2. Description of the Related Art
A data network may include one or more network devices, such as a Ethernet switching chip, each of which includes several modules that are used to process information that is transmitted through the device. Specifically, as data enters the device from multiple ports, it is forwarded to an ingress module where switching and other processing are performed on the data. Thereafter, data is transmitted to one or more destination ports through one or more units including a Memory Management Unit (MMU). The MMU provides access to one or more off-chip source synchronous memory devices, for example, an external Double Data Rate (DDR) memory. The network device typically generates a source synchronous clock that is provided with data during a write operation on the source synchronous memory device. The memory device then uses the clock to capture the data and perform the write operation. However, when the network device is performing a read operation from the memory device, the delay for data and clock from the memory device is indeterministic based on at least the trace lengths and process corner associated with the memory device. For example, if there is a fast process or slow process corner device, the delay from the memory device will vary. As such, the round trip delays for a read operation can vary greatly from chip-to-chip or board-to-board.

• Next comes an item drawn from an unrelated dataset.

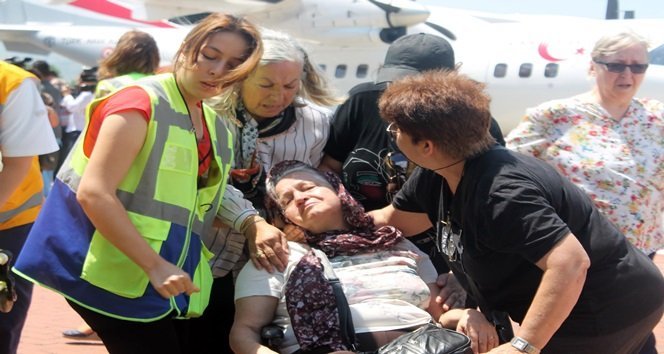 ŞEHİT YAKINLARI HAVA ALANINA CENAZE İNDİRİLDİĞİ SIRADA SİNİR KRİZLERİ GEÇİRDİ. (EMRAH YILDIZ - MURAT KÜÇÜK/ZONGULDAK-İHA)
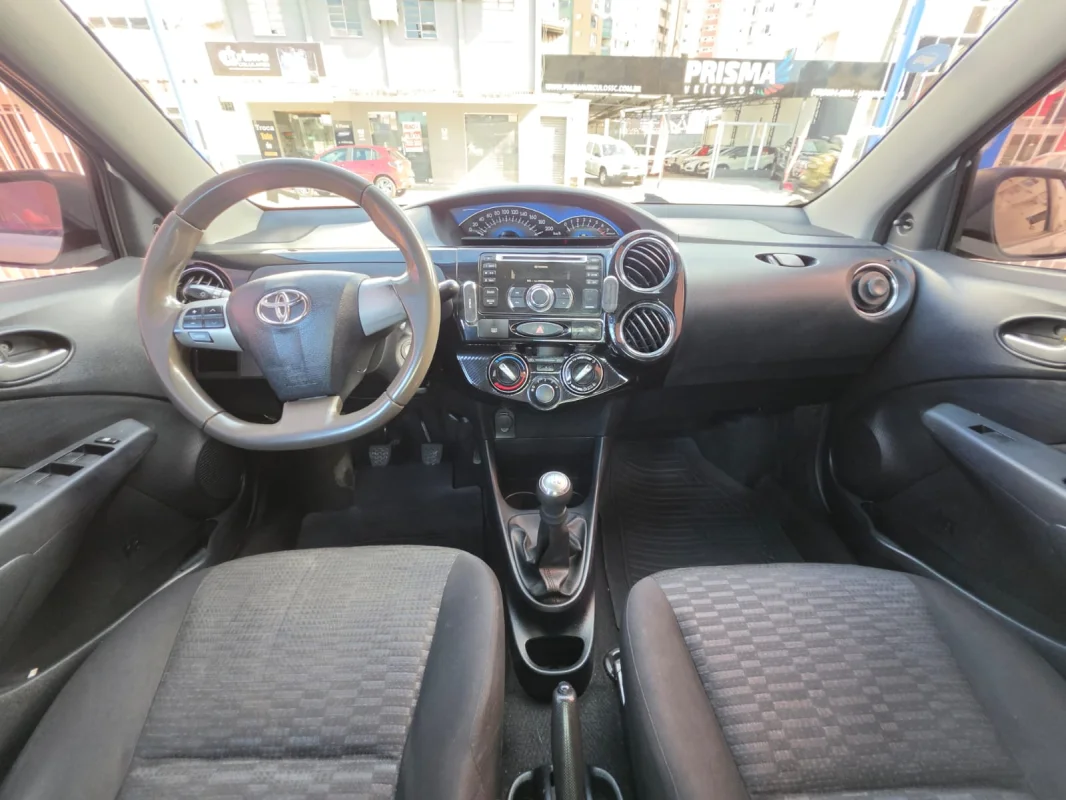 ETIOS XLS Sedan 1.5 Flex 16V 4p Mecânico 2014 - Imagem 6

When a read operation is performed by the source synchronous memory device, the memory device returns data and clock. However, the clock phase from the source synchronous memory device can vary relative to the clock within the network device because the phases may shift. As is known, when the phases of the clock and data line up with each other, bit errors may occur and the network device cannot adequately sample data returned from the memory device.
Therefore, to obtain the least amount of error, a mechanism must be provided to sample the received data at a time when the data is most stable. Some source synchronous interfaces and some memory devices provide free running clocks. Current network devices typically sample the data multiple times to find out where the edges exist in relation to the internal clock in the network device. However, when there are no memory operations being performed by the source synchronous memory device, the received data is not changing. Hence, there are no edges/transitions for determining the optimal phase of the clock. Furthermore, even if memory operations are occurring, if the same data value is being continuously read, there will still be no transitions for determining the optimal phase of the clock.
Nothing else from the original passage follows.